Moramay Lopez-Alonso will study urban development and land ownership in Mexico
Moramay López-Alonso, an assistant professor of history, has received a six-month fellowship from the American Council of Learned Societies to study how agrarian reforms contributed to some of the most severe challenges that Mexican cities face today.
The ACLS offers international and area studies fellowships in conjunction with the Social Science Research Council and the National Endowment for the Humanities. López-Alonso, who has taught at Rice since 2005, was one of 65 scholars selected from nearly 1,200 applications for the ACLS program, which promotes research in the humanities and social sciences.
López-Alonso will combine the fellowship, which stretches from January through June of 2013, with a junior sabbatical this fall for a full year of research and writing in Mexico. She’ll use the time in her native country to study such problems as overcrowding of settlements that lack basic urban infrastructure, the proliferation of squatters and the low levels of property tax collection.

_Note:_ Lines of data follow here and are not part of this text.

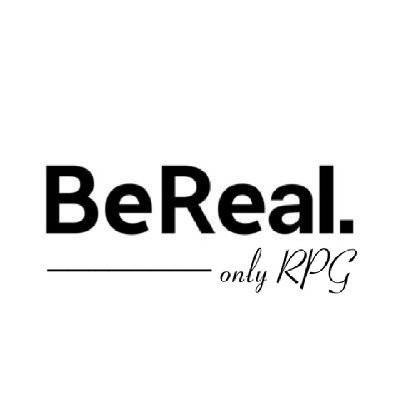 BeReal RP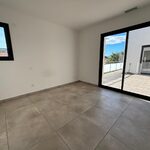 Maison 4 pièces à louer à CORBERE LES CABANES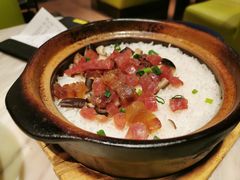 -汤城小厨•粤菜•靓汤(西直门凯德MALL店)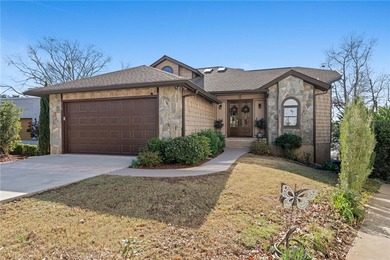 Discover exceptional value on this rare peninsula point lot on The Trail At Chickasaw Pointe in South Carolina - for sale on GolfHomes.com, golf home, golf lot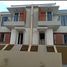 2 Bedroom House for sale in Dau, Malang Regency, Dau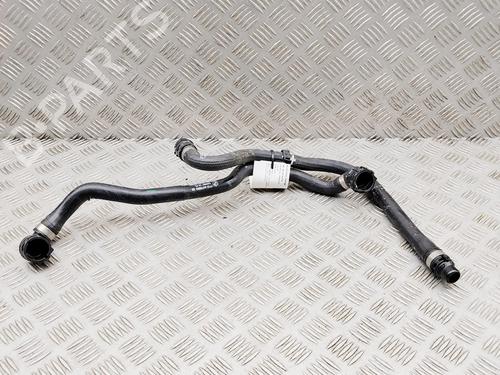 Pipe BMW i4 (G26) eDrive35 | BP38162847M125 - Image 3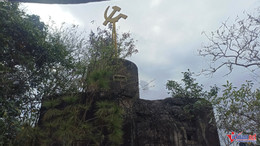 W-Non Nước 10.jpg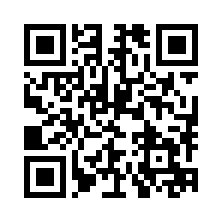 QR Code for 19fzUeNB4gxxB4qaQBFJcHJSMRzGAwt8nb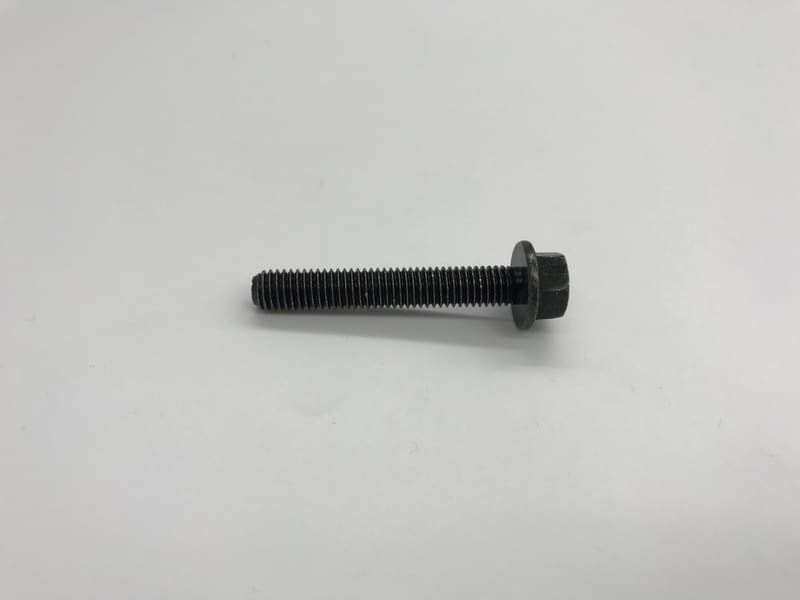 FLANGE SCREW 1926345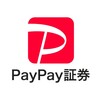 PayPay証券に切り替わり１ヶ月　何か変化はあったのか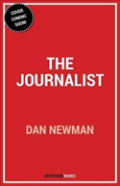 The Journalist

Agrarian legislation resulting from the Mexican Revolution of 1910 did not meet its intended objectives because policymakers misread the social and economic reality of the country at the time, López-Alonso said. Legal and political flaws paved the way for a series of irregularities that created problems in agriculture production, land tenure and property rights, which had a negative impact on the growth of urban settlements.
López-Alonso will have access to the private files of a Mexico City lawyer who has spent decades defending clients in land disputes. Her work will zone in on three particular land disputes that started in the 1920s and ’30s, two of which lasted well into the 21st century.
She said her project will contribute to three fields: modern Mexican history, public-policy studies and the New Institutional Economics in Latin America. She applied for an ACLS fellowship for this project, she said, because “they were open to area studies and they valued interdisciplinary research.”
The ACLS fellowship program is funded by the Ford Foundation, the Andrew W. Mellon Foundation, the Rockefeller Foundation, the National Endowment for the Humanities, the William and Flora Hewlett Foundation and ACLS college and university associates, along with individual contributions from friends and former fellows.